The expedition is intended to land a lander and a mobile robot near the south pole of the Moon.

India launched on Monday its moon mission Chandrayaan-2, intended to pose September 6 a device on the Earth's natural satellite, which would make it the fourth country to accomplish this technological feat.

A rocket GSLV-MkIII, the most powerful launcher of the Indian space agency ISRO, took off at 14:43 (11:13 am in France) from the firing point of Sriharikota, in south-east of India, found journalists of the AFP present on the spot. The flight, uninhabited, was proceeding according to the forecasts in the immediate future.

The expedition wants to place a probe in lunar orbit

The expedition aims to land a lander and a mobile robot near the South Pole of the Moon, located some 384,000 kilometers from the Earth, and to place a probe in lunar orbit.

If the mission is successful, India would become the fourth nation to successfully place a device on the Selenite soil, after the Soviet Union, the United States and China.
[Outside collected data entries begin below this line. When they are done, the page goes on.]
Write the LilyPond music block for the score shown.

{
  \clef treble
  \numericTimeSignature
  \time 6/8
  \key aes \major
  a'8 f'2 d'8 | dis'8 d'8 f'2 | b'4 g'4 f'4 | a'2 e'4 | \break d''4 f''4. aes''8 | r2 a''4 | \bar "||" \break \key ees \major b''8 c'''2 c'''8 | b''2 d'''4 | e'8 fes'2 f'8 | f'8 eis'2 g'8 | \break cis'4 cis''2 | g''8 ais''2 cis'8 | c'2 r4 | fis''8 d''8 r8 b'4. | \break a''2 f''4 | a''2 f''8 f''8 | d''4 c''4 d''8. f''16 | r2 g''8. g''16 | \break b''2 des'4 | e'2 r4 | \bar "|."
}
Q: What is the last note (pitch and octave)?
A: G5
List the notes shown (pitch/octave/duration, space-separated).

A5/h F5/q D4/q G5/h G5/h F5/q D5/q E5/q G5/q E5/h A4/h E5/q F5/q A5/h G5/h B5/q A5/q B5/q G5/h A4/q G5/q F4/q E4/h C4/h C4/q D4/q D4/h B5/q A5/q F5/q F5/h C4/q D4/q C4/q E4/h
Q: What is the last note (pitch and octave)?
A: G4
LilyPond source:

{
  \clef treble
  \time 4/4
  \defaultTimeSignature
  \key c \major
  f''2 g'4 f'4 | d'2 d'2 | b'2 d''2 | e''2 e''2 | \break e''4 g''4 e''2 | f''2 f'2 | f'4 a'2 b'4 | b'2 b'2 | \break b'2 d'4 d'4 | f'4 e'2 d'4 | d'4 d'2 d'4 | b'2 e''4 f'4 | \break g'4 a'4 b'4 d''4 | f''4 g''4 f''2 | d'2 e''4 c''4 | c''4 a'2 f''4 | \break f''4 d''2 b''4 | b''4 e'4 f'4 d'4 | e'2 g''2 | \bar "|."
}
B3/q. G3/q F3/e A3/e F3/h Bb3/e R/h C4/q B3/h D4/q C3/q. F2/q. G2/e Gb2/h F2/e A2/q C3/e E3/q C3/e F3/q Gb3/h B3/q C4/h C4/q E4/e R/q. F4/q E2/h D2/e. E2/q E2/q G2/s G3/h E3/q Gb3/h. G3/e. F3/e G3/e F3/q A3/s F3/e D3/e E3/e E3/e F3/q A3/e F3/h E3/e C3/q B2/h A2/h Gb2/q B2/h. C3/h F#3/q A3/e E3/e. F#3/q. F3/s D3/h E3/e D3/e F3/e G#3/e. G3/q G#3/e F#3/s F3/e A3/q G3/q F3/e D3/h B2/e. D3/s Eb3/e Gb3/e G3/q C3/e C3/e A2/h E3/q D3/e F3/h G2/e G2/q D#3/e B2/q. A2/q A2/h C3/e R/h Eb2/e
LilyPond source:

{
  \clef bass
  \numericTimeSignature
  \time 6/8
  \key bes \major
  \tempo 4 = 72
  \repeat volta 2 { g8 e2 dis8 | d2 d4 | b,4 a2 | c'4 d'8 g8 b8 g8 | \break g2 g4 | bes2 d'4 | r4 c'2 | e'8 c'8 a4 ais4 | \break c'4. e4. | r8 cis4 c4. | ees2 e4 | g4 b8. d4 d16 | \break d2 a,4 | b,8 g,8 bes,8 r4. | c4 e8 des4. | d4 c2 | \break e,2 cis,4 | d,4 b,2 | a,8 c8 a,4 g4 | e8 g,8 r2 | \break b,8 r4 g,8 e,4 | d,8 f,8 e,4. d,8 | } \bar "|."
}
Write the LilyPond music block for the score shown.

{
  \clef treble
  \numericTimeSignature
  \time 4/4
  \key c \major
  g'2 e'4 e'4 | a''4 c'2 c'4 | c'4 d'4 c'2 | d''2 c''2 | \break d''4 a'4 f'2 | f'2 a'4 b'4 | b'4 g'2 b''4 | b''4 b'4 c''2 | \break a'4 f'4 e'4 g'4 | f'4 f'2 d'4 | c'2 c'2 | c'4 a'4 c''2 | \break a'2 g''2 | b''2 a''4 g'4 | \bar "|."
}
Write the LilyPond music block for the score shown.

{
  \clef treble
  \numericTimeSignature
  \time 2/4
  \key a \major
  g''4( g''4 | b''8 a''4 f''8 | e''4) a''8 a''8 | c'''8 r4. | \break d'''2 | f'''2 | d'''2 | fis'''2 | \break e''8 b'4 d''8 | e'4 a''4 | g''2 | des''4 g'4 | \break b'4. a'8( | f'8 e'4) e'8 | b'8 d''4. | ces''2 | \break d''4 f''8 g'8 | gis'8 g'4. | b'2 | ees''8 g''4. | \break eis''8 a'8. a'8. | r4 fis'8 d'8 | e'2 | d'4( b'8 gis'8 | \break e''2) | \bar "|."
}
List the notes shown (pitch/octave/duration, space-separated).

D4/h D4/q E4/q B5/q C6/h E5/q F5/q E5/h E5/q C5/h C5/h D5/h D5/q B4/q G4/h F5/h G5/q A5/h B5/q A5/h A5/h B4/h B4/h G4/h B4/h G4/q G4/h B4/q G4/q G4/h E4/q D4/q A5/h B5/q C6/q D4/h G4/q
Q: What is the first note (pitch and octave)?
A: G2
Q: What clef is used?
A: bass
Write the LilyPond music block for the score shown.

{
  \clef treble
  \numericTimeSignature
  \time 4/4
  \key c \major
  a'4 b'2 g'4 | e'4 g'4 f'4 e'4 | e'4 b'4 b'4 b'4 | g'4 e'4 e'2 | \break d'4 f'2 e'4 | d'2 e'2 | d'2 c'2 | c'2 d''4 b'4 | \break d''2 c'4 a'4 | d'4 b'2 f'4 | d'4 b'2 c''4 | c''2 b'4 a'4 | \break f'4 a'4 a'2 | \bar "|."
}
An Israeli probe missed its moon landing in April and crashed.

A total cost of 124 million euros

Chandrayaan-2 ("Lunar Trolley" in Hindi) was originally scheduled to be launched on July 15, but officials stopped the countdown 56 minutes and 24 seconds before takeoff, because of a "technical problem" that ISRO did not detail officially. According to the local press, it was a leak in a helium cylinder of the cryogenic engine of the upper stage of the Indian rocket GSLV-MkIII.

New Delhi spent 140 million dollars (124 million euros) on Chandrayaan-2 - much less than other major space agencies for missions of this type - for a total weight of 3.8 tons.